Oxfam urges restoration of budget support
Oxfam Malawi has appealed to development partners to restore budgetary support and ensure interventions in healthcare and education are well funded.
However, Oxfam has said donors can only come in if the Malawi Government takes steps to tackle corruption and other forms of Cashgate—the plunder of public resources—which have happened since 2013.
The weakness in public finance management where individuals stole billions from the government resulted in donors withdrawing budgetary support in favour of off budget support which the government has argued is uncoordinated and unsustainable.
Launching the report yesterday in Lilongwe titled Closing the Divide in Malawi which propose solutions to reducing inequality in the country, Oxfam International regional director for Southern Africa Nellie Nyang’wa said the country should ultimately transition away from aid, though it still needs donor support.
She said: “Restoring budget support is the most urgently needed action donors should take to enhance aid quality and ensure critical government interventions like healthcare and education can be funded. Of course, this brings us back to zero-tolerance of corruption, a critical enabler of this step.”

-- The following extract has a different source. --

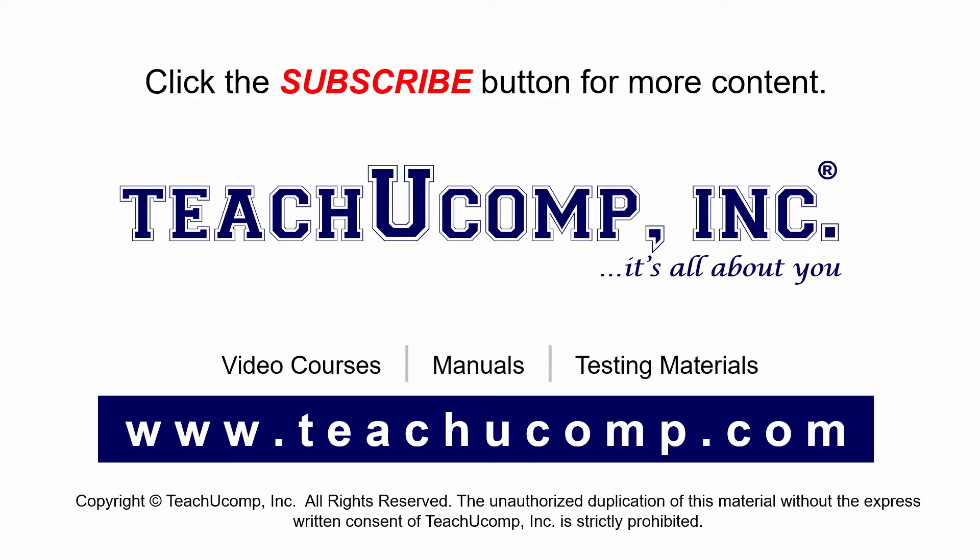If you like our video, click the subscribe button to subscribe to our channel and get easy access to new content. To see our full suite of ad-free video courses and training materials, visit us at teachucomp.com.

Nyang’wa said there were multiple negative impacts of corruption on public revenue and the poor were paying the biggest price for this.
Oxfam blamed the rising domestic debt and high interest rates on withdrawal of budgetary support.

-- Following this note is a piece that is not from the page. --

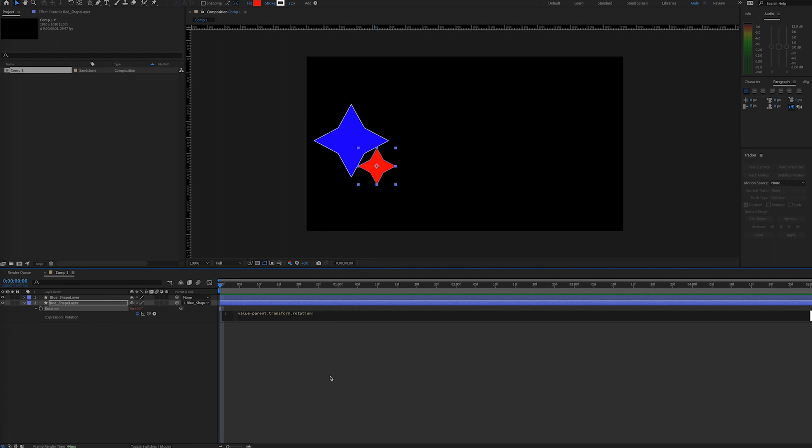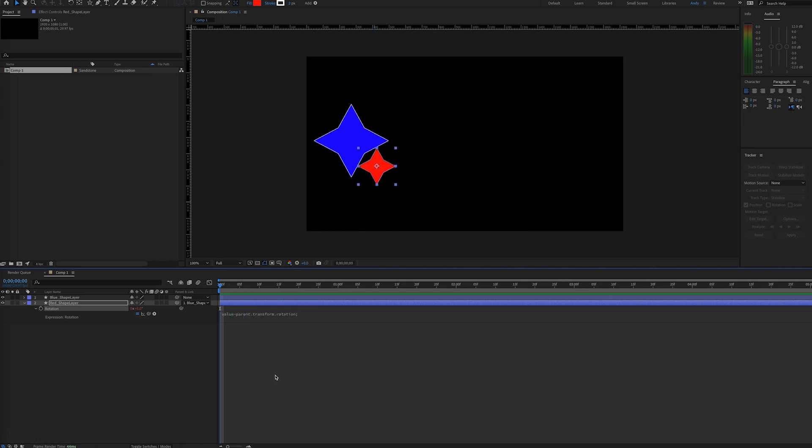Value is referring to the layer's value, and then you're removing the parent's rotation value, parent.transform.rotation. So essentially, this is negating the effect of the parenting for rotation.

In 2016 alone, the country’s debt payment was $200 million.
Oxfam observed that as a result, there was a mismatch in the levels of revenue that the government was raising and what was being spent to ensure service delivery reached Malawians.
Reacting to the report, chief director of Economic Planning and Development, Peter Simbani, said some of the recommendations by Oxfam would not be taken on board as they needed further discussions, but government still needed budgetary support.
“Most donors moved away from providing budgetary support due to corruption but other governments stopped because of new policies of providing aid off budget. We are discussing with some donors to move away from off budget financing because it goes against the principles of the Paris Declaration,” he said.
But Nyang’wa said the recommendations were feasible if only government could move away from implementing upside down policies.
Oxfam gave an example of tax system reforms such as exempting basic necessities from value added tax (VAT) and increasing the tax band for high income earners as well as launching a review of the wealth taxation, including land rates for high value land.
Oxfam asked the government to avoid carrying out rapid increases in revenue through regressive forms of taxation which impact negatively on the poor and further widen inequality between the rich and the poor.